Nouvelle décision sur la dialectique de la preuve en matière de contentieux fiscal. Saisie d'un litige portant sur la résidence fiscale d'un contribuable, initialement établie sur la base d'éléments de preuve jugés illégaux, le juge de l'impôt admet que l'administration puisse, en cours d'instance d'appel, produire de nouvelles pièces pour purger le vice originel et fonder le bien-fondé de l'imposition et... ainsi "sauver" un redressement mal engagé.
Le principe, déjà rappelé par le juge de l'impôt et découlant des exigences de l'article 16 de la DDHC est clair : l'administration ne peut fonder une imposition sur des pièces ou documents obtenus par une autorité administrative ou judiciaire dans des conditions déclarées ultérieurement illégales. En l'espèce, le débat initial portait sur l'utilisation de données de connexion (géolocalisation) recueillies par l'AMF auprès d'opérateurs de télécommunications, sur le fondement de dispositions législatives qui ont par la suite été jugées non conformes au droit de l'Union européenne (Arrêt de la CJUE du 20 septembre 2022, C-339/20) et à la Constitution (Arrêt du Conseil. constitutionnel du 21 juillet 2017, n° 2017-646/647 QPC).
La sanction d'une telle irrégularité est en principe la décharge des impositions.
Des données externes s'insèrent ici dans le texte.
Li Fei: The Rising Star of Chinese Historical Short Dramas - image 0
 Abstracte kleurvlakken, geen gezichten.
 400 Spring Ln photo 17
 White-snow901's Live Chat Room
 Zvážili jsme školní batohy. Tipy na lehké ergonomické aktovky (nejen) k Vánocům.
Toutefois, le rôle du juge ne se limite pas à valider ou invalider la procédure menée par l'administration. En vertu de l'effet dévolutif de l'appel, la Cour est saisie de l'ensemble du litige, tant en fait qu'en droit, et il est admis que l'administration puisse produire des éléments nouveaux pour justifier sa position, sous réserve du respect du principe du contradictoire.
Rappel des faits :
Un contribuable, M. B, a fait l'objet d'un examen de sa situation fiscale personnelle à l'issue duquel l'administration a remis en cause sa résidence fiscale déclarée au Maroc pour l'année 2014. Se fondant notamment sur des données de connexion obtenues de l'AMF dans le cadre de son droit de communication, l'administration a estimé que M. B était domicilié en France et l'a taxé d'office sur des plus-values de cession de valeurs mobilières de plus de 28 M€.
En première instance, le TA de Paris a donné raison au contribuable. Les juges ont constaté que les données de connexion, qui constituaient le socle de la démonstration de l'administration, avaient été obtenues par l'AMF en vertu de dispositions jugées contraires à la Constitution et au droit de l'Union. Appliquant le principe de l'illégalité de la preuve, le tribunal a conclu que ces éléments ne pouvaient servir à établir l'imposition et a prononcé la décharge intégrale des droits et pénalités.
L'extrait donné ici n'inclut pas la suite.